He will be at the ground, at the foot of the famous monastery here, tomorrow among thousands of people expected to be at the religious leader’s first preaching session in Arunachal Pradesh this time.
He will come from Dirang, about 100km from here, where he lives in a monastery. But for him, the Dalai Lama’s preaching session at Dirang on Thursday, will mark something of a high point in his life.
It was at Dirang in 1983 when he had his first chance of attending a session of preaching and initiation by the Dalai Lama.
“His Holiness came for the Kalachakra initiation ceremony and I decided to become a monk after attending that session,” Lama Tashi says, sitting on a sofa in the spacious drawing room of a new centre for Buddhist studies that he himself founded some years ago in Dirang.
Life has taken him far and away over the past 26 years — and for a special reason. He is among the best-known masters of the Buddhist ritual of chanting. He has performed his multi-phonic chant before big audiences all over the world, including ones in Bodh Gaya, New York and Washington.

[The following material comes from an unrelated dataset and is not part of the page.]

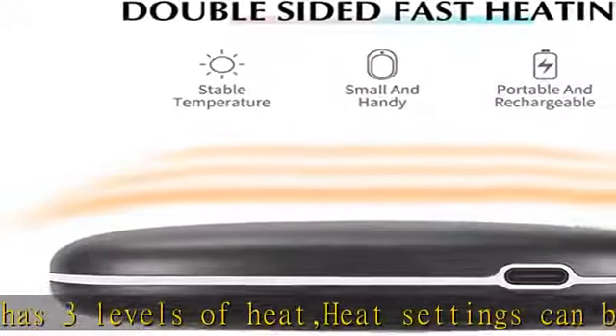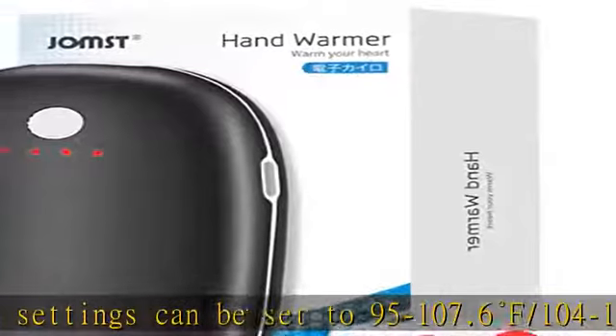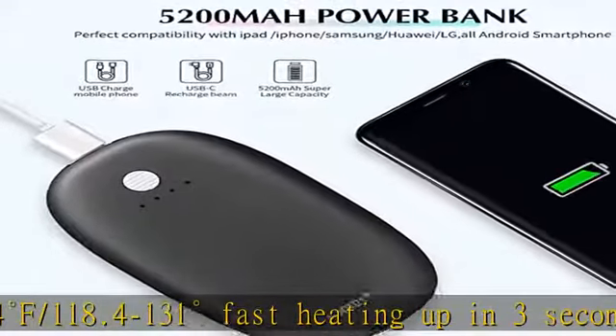Hand warmers rechargeable. The reusable 5200 mAh capacity power battery can give a full charge to various types of mobile phones. Made of eco-friendly lithium battery — very safe. The upgraded hand warmer works with both micro USB and Android charging ports, making it more convenient to power your device.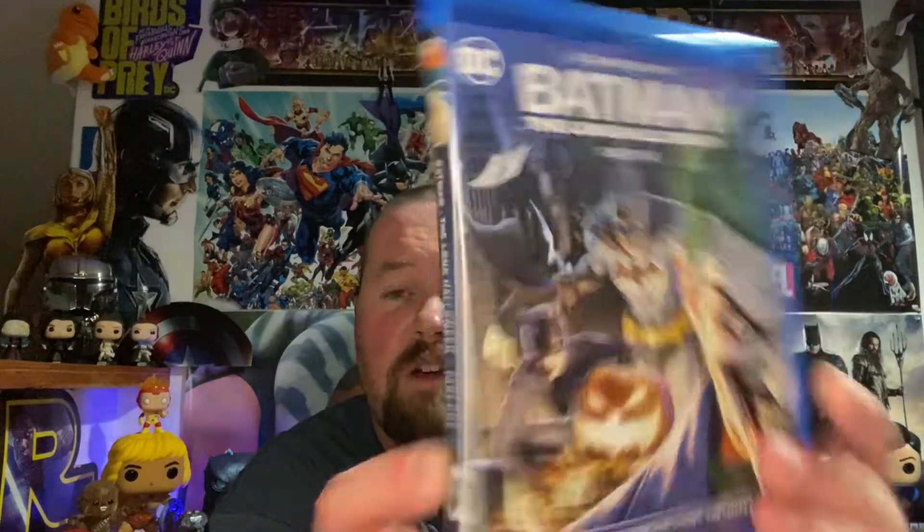Warner Brothers again put out another movie that's not in 4K. This is not available physically in 4K — that's like the third or fourth time in the past month they've done that. They always used to put a 4K version of these animated movies out, so I don't know why they're doing that. Maybe they're not selling enough 4K versions to justify it.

He spent the past 21 years at the Drepung Loseling Monastery near Hubli in Karnataka, one of the biggest Tibetan Buddhist monasteries in India. When he left it to return to Dirang (“because I was born in this area”), he was the head chant master of the monastery. He now heads a Buddhist cultural centre near Dirang.
The suave monk, who speaks fluent English, says it is the Chinese government that has made the Dalai Lama’s visit to Arunachal Pradesh something of an issue this time.
“For the common people here of an earlier era, getting to see or hear the Dalai Lama was an impossible dream because he lived in Tibet. But for Indian Buddhists today, it is an opportunity that may come their way because he lives in India. But the people see his visit only in religious or spiritual terms.”
Lama Tashi has, however, seen enough of the world not to see the political overtones of the visit. But he thinks China is unnecessarily trying to politicise the visit.
His concerns, therefore, are about what the governments in New Delhi and Itanagar can — and should — do to improve the lives of the common people in the state. “The people aren’t bothered about the Chinese statements. They’ve more pressing problems to tackle.”